The spirit of innovation is self-laudatory,[1]

and hence it advanced further and further, and crept along to greater novelties with increasing self-conceit, and in scorn of the fathers it enacted laws of its own, nor does it honor the doctrines of the ancients concerning God, but is always thinking out strange dogmas and restlessly adds novelty to novelty as the events now show. For after Macedonius had been deposed from the church of Constantinople, he renounced the tenets of Acacius and Eudoxius.[2]

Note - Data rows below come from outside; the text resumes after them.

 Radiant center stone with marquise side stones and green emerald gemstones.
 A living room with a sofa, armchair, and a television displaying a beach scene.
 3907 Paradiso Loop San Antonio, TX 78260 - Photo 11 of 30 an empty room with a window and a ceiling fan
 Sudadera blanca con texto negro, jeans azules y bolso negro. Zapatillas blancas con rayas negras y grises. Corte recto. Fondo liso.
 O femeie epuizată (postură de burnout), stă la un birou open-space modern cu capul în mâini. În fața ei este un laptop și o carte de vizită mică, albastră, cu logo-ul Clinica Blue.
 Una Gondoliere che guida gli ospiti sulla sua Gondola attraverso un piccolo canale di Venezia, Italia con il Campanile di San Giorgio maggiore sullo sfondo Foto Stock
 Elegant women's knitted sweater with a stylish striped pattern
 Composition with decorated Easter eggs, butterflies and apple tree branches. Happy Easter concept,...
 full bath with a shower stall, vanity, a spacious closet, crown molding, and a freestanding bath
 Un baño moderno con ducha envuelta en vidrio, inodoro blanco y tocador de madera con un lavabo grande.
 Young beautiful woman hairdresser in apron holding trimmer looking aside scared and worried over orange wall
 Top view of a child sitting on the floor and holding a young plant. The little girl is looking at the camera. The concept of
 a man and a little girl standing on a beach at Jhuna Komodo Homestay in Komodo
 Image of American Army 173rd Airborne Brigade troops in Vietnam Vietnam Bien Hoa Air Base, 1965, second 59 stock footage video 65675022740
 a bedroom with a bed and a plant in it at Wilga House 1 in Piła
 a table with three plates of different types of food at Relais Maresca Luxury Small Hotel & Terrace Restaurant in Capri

He began to teach that the Son is God, and that He is in all respects and in substance like unto the Father. But he affirmed that the Holy Ghost is not a participant of the same dignities, and designated Him a minister and a servant, and applied to Him whatever could, without error, be said of the holy angels. This doctrine was embraced by Eleusius, Eustathius, and by all the other bishops who had been deposed at Constantinople, by the partisans of the opposite heresy. Their example was quickly followed by no small part of the people of Constantinople, Bithynia, Thrace, the Hellespont, and of the neighboring provinces. For their mode of life had no little influence, and to this do the people give special attention. They assumed great gravity of demeanor, and their discipline was like that of the monks; their conversation was plain and of a style fitted to persuade. It is said that all these qualifications were united in Marathonius. He originally held a public appointment in the army, under the command of the prefect. After amassing some money in this employment, he quit military science, and undertook the superintendence of the establishments for the relief of the sick and the destitute. Afterwards, at the suggestion of Eustathius, bishop of Sebaste, he embraced an ascetic mode of life, and founded a monastical institution in Constantinople which exists to the present day. He brought so much zeal, and so much of his own wealth to the support of the aforesaid heresy, that the Macedonians were by many termed Marathonians, and it seems to me not without reason; for it appears that he alone, together with his institutions, was the cause that it was not altogether extinguished in Constantinople. In fact, after the deposition of Macedonius, the Macedonians possessed neither churches nor bishops until the reign of Arcadius.[3]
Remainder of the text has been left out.